# Brock Lesnar vs. Edge for WM 39?



## [The_Game] (Aug 13, 2007)

I would love to see Lesnar v Edge, that’s one of my dream matches within the current superstars.


----------



## Tomzy95 (Jan 6, 2019)

No, I’ve seen enough spammmed German suplexes and F5’s in my life and I am satisfied.
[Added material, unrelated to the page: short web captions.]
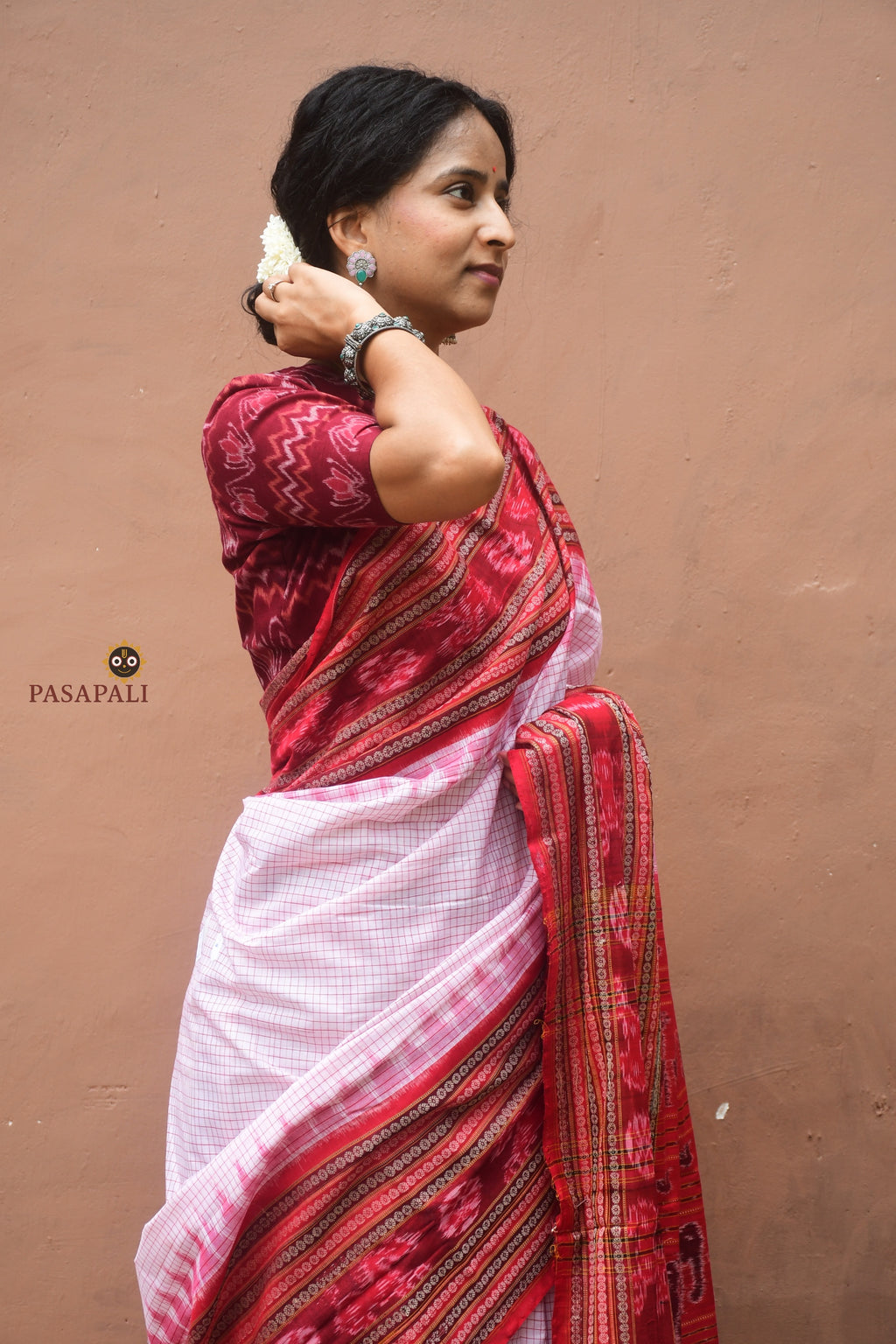 Charushila Sambalpuri cotton saree hero shot — white ground, red accents, Sachipar pattern, Pasapali handloom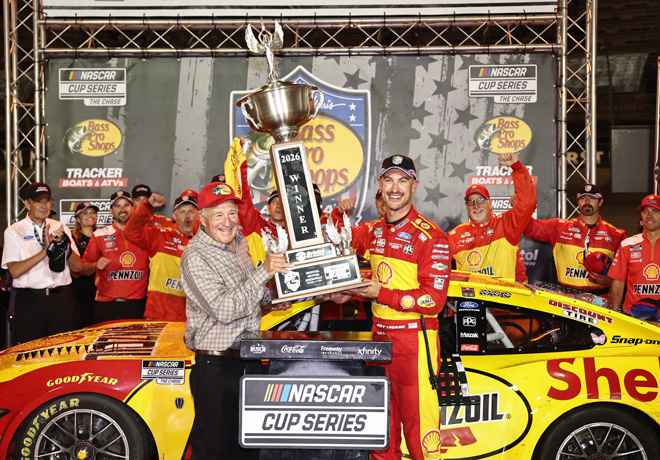 NASCAR en Bristol II – Carrera: Victoria de Logano en una carrera que terminó con incidentes en los pits.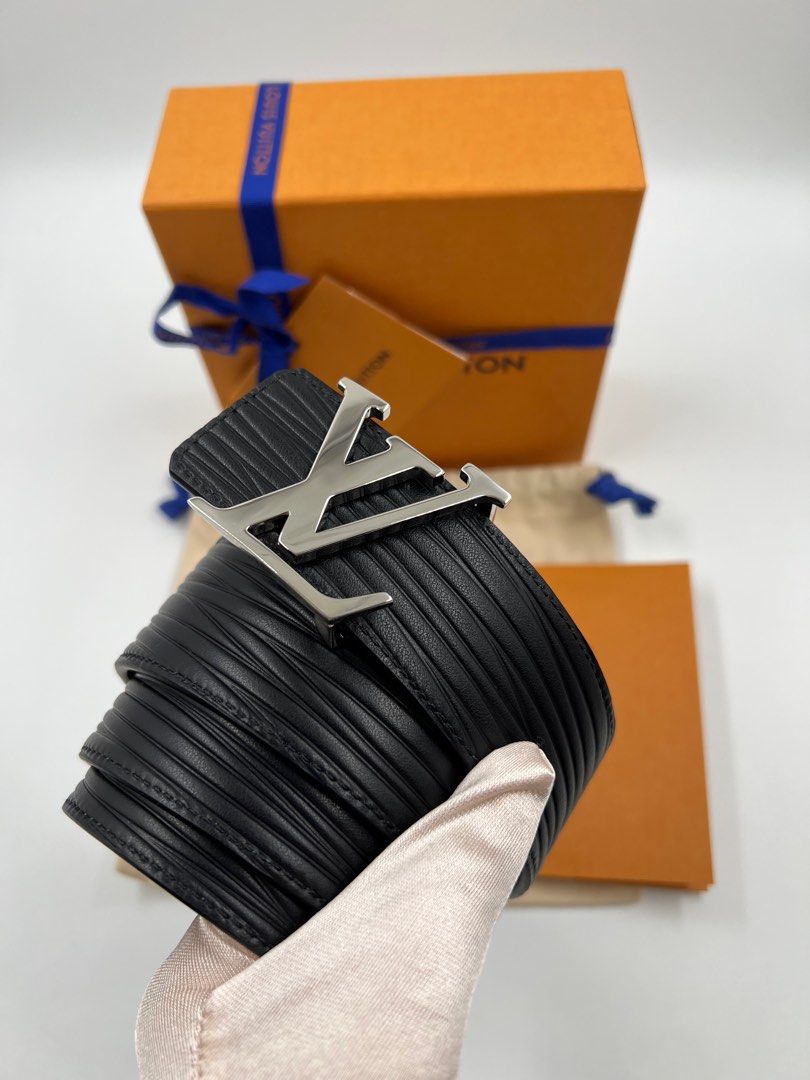 ⚜️Louis Vuitton LV initiales Reversible belt (Category: Luxury Accessories) located in Makati City. Submitted by 90sangel (Listing ID 1397573937, Image 1). Description: •Item: Louis Vuitton - Initials 40mm Reversible belt black 🖤🩶 •Size: 85-110cm •Condition: Gently Used, Good as New! Comes complete, giftable! *Sold out online! :) Rare and hard to get ~ unisex! .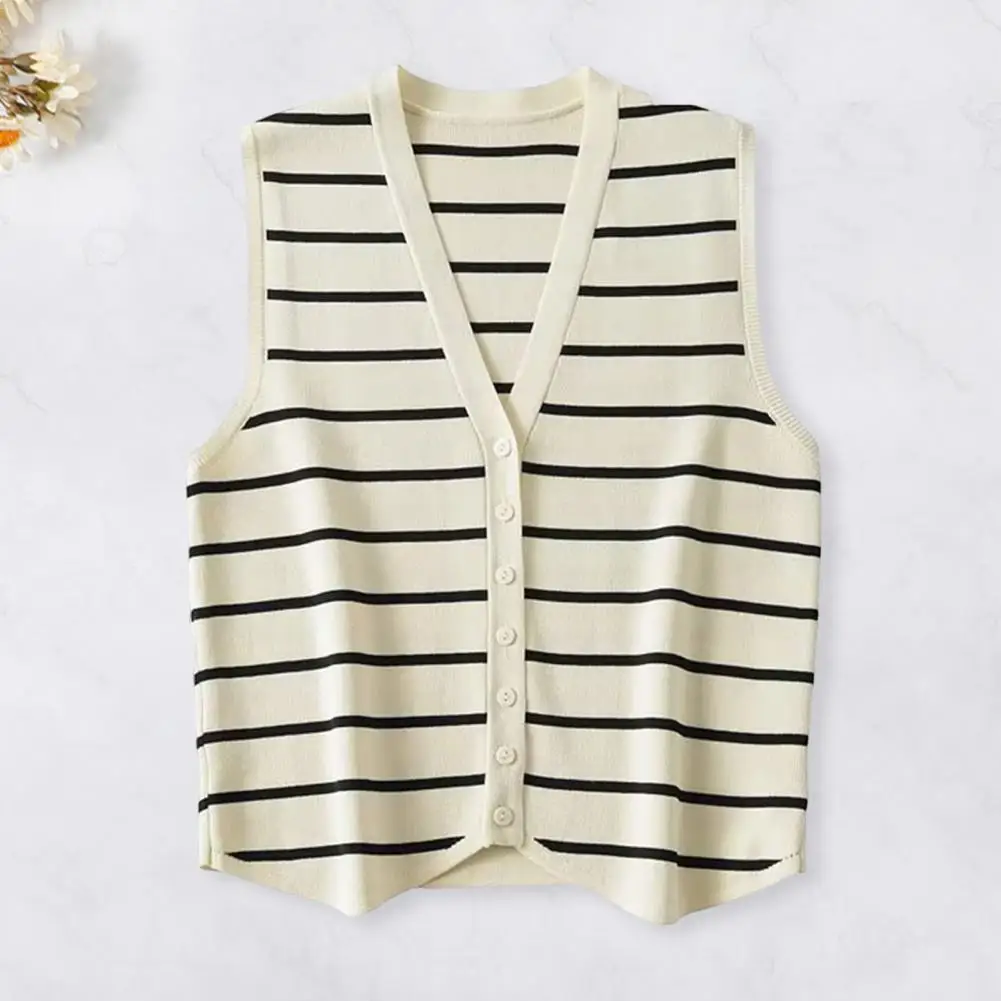 Женский трикотажный жилет в полоску с V-образным вырезом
Keep Lesnar away, Edge can do much better


----------



## Chelsea (Jul 26, 2018)

Doesn't sound bad.

With Trips in charge, I am pretty excited about WM 39. Seeing him leave his boots in the ring at WM 38 while Vince had a match was saddening. Now I'm super glad that the old fuck is gone.


----------



## JAROTO (Nov 4, 2011)

If it's not Lesnar vs Lashley 2 at WM39, then I would be ok with Lesnar vs Edge.


----------



## DetroitsFinest61 (7 mo ago)

Why though? So Brock can squash Edge like he did Randy Orton? If its not a squash match I’m all for it.


----------



## Bagelalmond (Jul 17, 2013)

It could’ve been a great match in 2012. Asking both of them to put on a 5 star match right now seems like a stretch.


----------



## WrestlingFan247 (3 mo ago)

Lesnar vs Edge would be sick


----------



## TAC41 (Jun 8, 2016)

Lesnar/Riddle


Sent from my iPhone using Tapatalk


----------



## Stevieg1993 (Jul 6, 2018)

For some strange reason I've got a feeling they're going do Brock Lesnar vs Logan Paul for Mania.


----------



## redban (Feb 16, 2007)

2006-2008 Edge vs Brock would have been a dream match. I don't know how the match would go today though


----------